It had been unseasonably warm in Boone for the past few days, but the weather's changed a bit, and it's much nicer now. I had breakfast at the Central Dining Processing Plant, and it was pretty good. I got a latte and some hash browns. The guy sitting at my table said he thought the latte (he got one too) was better than he had thought. I said it was pretty good too, but truth be told I was a little disappointed. I think it's plan coffee from here on out. The hash browns weren't really hash browns. They were processed potato and oil disks, kinda like how Burger King makes, and they were really good. First up: Hunter.
Walking into the classroom, I noticed some coffee, tea, fruit, and stuff set out for us.
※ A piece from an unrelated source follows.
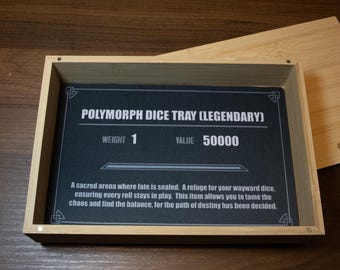 Artikellåda i bambu med tärningsbricka och magnetiskt lock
Now, any jerk can set out some apples and coffee and stuff, but here's where the details swoop in and make a difference: toothpicks so you don't have to just grab a strawberry with your hands, and yogurt dip, kinda like the stuff Jason's deli gives you with the fruit when you order something healthy and forget to ask them to just give you potato chips.
Hunter started on time and went twenty minutes over, and he was "on" the whole time. I think the thing I like about him best is his absolute certainness of purpose. There's a guy who wakes up every morning thinking he's right, and there isn't anything that's going to happen during the day that's going to make him feel otherwise. He's going to go to bed being right, and then probably dream about how right he is, and then wake up refreshed the next morning to repeat step number one. And it works because he can back it up, which is always nice.
His big thing, far as I can tell, is that you have to accept students as they are and not judge them. It's easier said than done, and there's a little more to it, but that's the gist; that's the constant. He said developmental education covers everything from remedial classes to GRE prep, and that makes a lot of sense, too. He said that even much of our remedial coursework probably isn't remedial, and I'll attest to that. Some of that 9024 doesn't look remedial to me. And can you say that the grammar we cover is remedial if it was never taught in high school? The whole idea is to take students as they are and move them as far as they can go.
Here's a few things I wrote down: "gradually accept responsibility for their own learning;" "envision every student as a potential graduate of your institution;" "we tend to look at things that are easy to measure."
More stuff, obviously, but on to lunch: for lunch, I had fake Moe's. It was really good. There's this Mexican place in the Central Nourishment Feedplant called Calientes or something, and it's basically a generic Moe's. I had a black bean burrito with pico de gallo. It was awesome, but the attendant tortilla chips were kinda stale. Apparently, you pay by the pound, too, so my black bean burrito, chip, and diet Coke were $8, and someone probably could've gotten a steak chimichanga or whatever for cheaper, which doesn't seem right. Regardless....
Ed Morante was really good, and he talked about assessment. He was a dean at a college in California for years, but now he's a consultant. Animated guy, New Yorker - he reminds me of Antonio Scalia, but if you removed the part of Scalia's brain that makes him wrong about everything and replaced it with a moral compass. Ed's alright by me. The two best things I learned from him today are: "placement decisions should involve multiple variables," and "we need to get to the students before they take the placement exam." I think both would really benefit our institution, and it's something I'd like to work on when I return. In a freaking month.
Ed apparently lives in the dorm with us, which everyone thought was quite odd. He runs a Trivial Pursuit/Beer tournament nightly during his week of the Institute, so I have to make a beer run before 7:30. Buy in is one beer; it's like a tithe I guess.
One last thing: Ed said that the "right to fail" was pernicious (his word), and I wasn't sure I agreed at first, but then he clarified and said that entering students don't have the right to fail, and I agree with that. I usually say, explicitly, that I believe in the right to fail, and I do, but I also always throw in the caveat that everyone has the right to fail, provided they have given informed consent. Entering students can't really give informed consent.